Two years of uncertainty in which businesses will not be able to plan for the future.
And two years of wasted opportunities for progress, for profit, for prosperity.
A clear and present danger to British jobs, British business, British families and British prosperity.
It threatens to shut UK businesses out of a market that gives them access to the world’s largest trading bloc.
It’s simply the wrong direction for our country.
If you care about strong foundations.
If you care about long-term stability.
If you care about prosperity, then Britain must be a committed member of a reformed European Union.
Not threatening to leave.
Not locked out of the room.
The job of the next Prime Minister is to open new markets for business not close them off.
And we should be reforming Europe from the inside.
To build an EU that supports the needs of business.
To build an EU that spends its budget wisely.
To build an EU with fair rules on immigration.
We’ll show strong leadership to get the best for Britain.
We won’t condemn this country to years of uncertainty.
Years of insecurity.
By threatening our European future.
That’s the basis of our plan for business.

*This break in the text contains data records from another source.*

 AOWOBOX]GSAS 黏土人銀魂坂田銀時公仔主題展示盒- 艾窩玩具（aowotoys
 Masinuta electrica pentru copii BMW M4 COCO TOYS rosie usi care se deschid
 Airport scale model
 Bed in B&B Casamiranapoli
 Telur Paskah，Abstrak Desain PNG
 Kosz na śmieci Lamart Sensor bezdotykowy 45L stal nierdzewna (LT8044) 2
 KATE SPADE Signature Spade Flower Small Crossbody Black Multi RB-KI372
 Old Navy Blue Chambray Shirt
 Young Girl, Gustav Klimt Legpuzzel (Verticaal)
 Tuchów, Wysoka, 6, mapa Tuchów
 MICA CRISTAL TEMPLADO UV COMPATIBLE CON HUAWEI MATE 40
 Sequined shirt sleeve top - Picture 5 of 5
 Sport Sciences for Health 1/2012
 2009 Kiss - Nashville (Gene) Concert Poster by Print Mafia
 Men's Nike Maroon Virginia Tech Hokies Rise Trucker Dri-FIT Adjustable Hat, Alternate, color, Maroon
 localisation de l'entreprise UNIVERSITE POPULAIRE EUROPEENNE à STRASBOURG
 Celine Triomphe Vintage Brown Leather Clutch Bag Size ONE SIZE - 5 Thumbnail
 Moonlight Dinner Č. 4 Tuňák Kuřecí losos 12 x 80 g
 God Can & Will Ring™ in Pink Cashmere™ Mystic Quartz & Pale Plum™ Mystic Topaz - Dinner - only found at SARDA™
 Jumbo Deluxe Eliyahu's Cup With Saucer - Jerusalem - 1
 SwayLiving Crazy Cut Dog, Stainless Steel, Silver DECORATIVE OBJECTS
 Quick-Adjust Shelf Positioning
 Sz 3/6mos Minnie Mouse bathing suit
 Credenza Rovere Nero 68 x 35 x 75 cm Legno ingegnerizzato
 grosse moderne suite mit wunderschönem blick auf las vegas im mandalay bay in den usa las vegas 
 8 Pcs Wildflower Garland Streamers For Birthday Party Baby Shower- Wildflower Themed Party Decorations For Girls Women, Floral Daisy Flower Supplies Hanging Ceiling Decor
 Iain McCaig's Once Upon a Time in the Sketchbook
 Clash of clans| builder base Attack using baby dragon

Labour’s better plan for a better future.
And it’s a big day to launch our business manifesto.
After all the commentary, all the arguments, it now begins in earnest.
I don’t know whether that fills you with excitement or something else.
But this election really matters.
For me, this election is about you, your family and our country.
We need to be a country that rewards your hard work again, not what we have seen over the last five years where wages fall behind bills.
We need to be a country that gives a future to all our sons and daughters.
Not what we have seen over the last five years where young people fear a worse life than their parents’.
We need to be a country that rescues our NHS with more doctors and nurses.
Not what we have seen over the last five years where the NHS slides into crisis.
There are two futures on offer at this election:
To carry on with a Conservative plan based on the idea that as long as the richest and most powerful succeed, everyone else will be OK.
Or a Labour plan, a better plan, that says it is only when working people succeed that Britain succeeds.
My case to you over the course of this general election campaign is that Britain can do so much better for you and your family.
And this is a country we can only build together.
A partnership for a purpose between government and business.
Supporting you to create long-lasting prosperity that reaches right across our society – from your firms to everybody’s front door.
Sound economic foundations.
Creating higher living standards for working families.
Inspiring hope for young people.
These are our goals.
This is our plan.
Let’s build a better country together.